Bradley Wiggins a donc remporté ce 99e Tour de France. Une nouvelle grande première, un an après le sacre historique d’un Australien, puisque jamais un coureur britannique n’avait triomphé à Paris. Wiggins a écrasé la saison des courses par étapes. Gagner Paris-Nice, le  Romandie, le Dauphiné et le Tour dans une même saison, c’est ahurissant. Parcours sur le patient anglais.

L’ancien fêtard « alcoolique » a bien changé pour réaliser son rêve d’enfant  : remporter le Tour, à 32 ans.

L’ancien fêtard « alcoolique » a bien changé pour réaliser son rêve d’enfant  : remporter le Tour, à 32 ans.

L’homme qui a posé en jaune dimanche à Paris avec l’Arc de Triomphe en arrière-plan, était prédestiné. Quand on naît à Gand, célèbre dans le cyclisme pour son vélodrome et ses Six Jours, dont son père Garry était un spécialiste, le chemin était en quelque sorte balisé. La trajectoire de Bradley Wiggins pour devenir le premier Britannique à remporter le Tour de France ne fut cependant pas la ligne droite qu’il se plaît à avaler avec ses mollets de rouleur. S’il a connu un très court passage en Belgique au début de sa vie, «Wiggo» est un sujet de sa Majesté.

«Il avait un esprit fêtard assez développé», livre Gérard Guillaume, sans trahir de secret. Le médecin de l’équipe FDJ-Big Mat se rappelle par exemple une partie de football en salle, lors d’un stage à Auxerre, «où il n’y avait pas que le ballon qui était rond».

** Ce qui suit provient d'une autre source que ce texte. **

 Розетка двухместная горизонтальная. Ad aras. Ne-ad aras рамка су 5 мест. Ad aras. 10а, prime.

«Avant j’étais alcoolique», a révélé durant ce Tour, hilare, le Maillot jaune, «adepte de l’humour british, à la fois discret et déconneur», comme l’a connu David Moncoutié chez Cofidis. «Il était difficile à localiser. Il partait toujours par monts et par vaux. Lorsqu’on le convoquait pour une course, on se demandait s’il serait bien au départ», raconte Gérard Guillaume, qui évoque «un garçon charmant» avec lequel il «échange toujours un mot quand on se croise».

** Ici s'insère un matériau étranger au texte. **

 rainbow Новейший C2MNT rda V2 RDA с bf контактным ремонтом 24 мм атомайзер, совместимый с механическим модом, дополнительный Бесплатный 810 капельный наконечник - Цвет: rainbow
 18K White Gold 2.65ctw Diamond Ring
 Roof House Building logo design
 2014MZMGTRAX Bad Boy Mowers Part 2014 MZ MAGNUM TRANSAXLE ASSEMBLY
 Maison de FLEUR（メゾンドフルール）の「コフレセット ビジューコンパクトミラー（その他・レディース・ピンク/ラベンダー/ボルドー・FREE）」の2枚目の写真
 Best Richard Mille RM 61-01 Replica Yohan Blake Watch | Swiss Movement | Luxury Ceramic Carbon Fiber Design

Puis, Wiggins a «changé de vie», «mûri», après avoir fait le tour de la piste qui lui conféra ses premières heures de gloire. Double champion olympique de poursuite individuelle (2004, 2008), ce qui lui vaut d’être commandeur de l’ordre de l’Empire britannique, il s’est mis en tête de gagner le Tour de France, «un rêve d’enfant», via une importante transformation physique (amaigrissement de onze kilos). Sa 23e place en 2010, un an après avoir terminé au pied du podium, fut une humiliation. Un déclic aussi. «Ce qui m’a frappé chez lui, ce sont les échecs qu’il a incroyablement mal vécus. Sa fracture de la clavicule l’année dernière a également décuplé sa motivation, c’est absolument sûr et certain», observe Christian Prudhomme. David Millar appuie : «Il a un mental phénoménal. Lorsqu’il a un objectif, il met tout le professionnalisme nécessaire pour l’atteindre.»

Féru d’histoire, Wiggins a un rapport au cyclisme qui va au-delà du simple fait de lui «faire gagner de l’argent».

L’importance qu’il attache à ce sport égale au moins sa collection de guitares et scooters. Lorsqu’il s’est emparé des commandes pour la première fois à La Planche des Belles Filles, il a cité spontanément Tom Simpson, premier Britannique porteur du maillot jaune en 1962 et disparu cinq années plus tard sur les pentes du Ventoux, victime du dopage.

Le dopage, il en a été question à quasiment chacune des conférences de presse d’un homme qui atteint la forme de sa vie à 32 ans. « Je ne suis qu’un gamin de Londres doué pour le vélo et qui a fait de sa passion son métier, s’excusait au départ Wiggins, avant de se fâcher jeudi. J’ai du mal à avaler de devoir tout le temps me justifier. Ce que j’ai démontré pendant trois semaines sur ce Tour de France, depuis le début de saison à l’Algarve, Paris-Nice, en Romandie, au Dauphiné, ce n’est rien ? Plutôt que de me poser toujours des questions négatives, on devrait plutôt me dire : “bon boulot Brad, félicitations pour ta victoire” ». C’est désormais chose faite depuis ce dimanche 22 juillet 2012.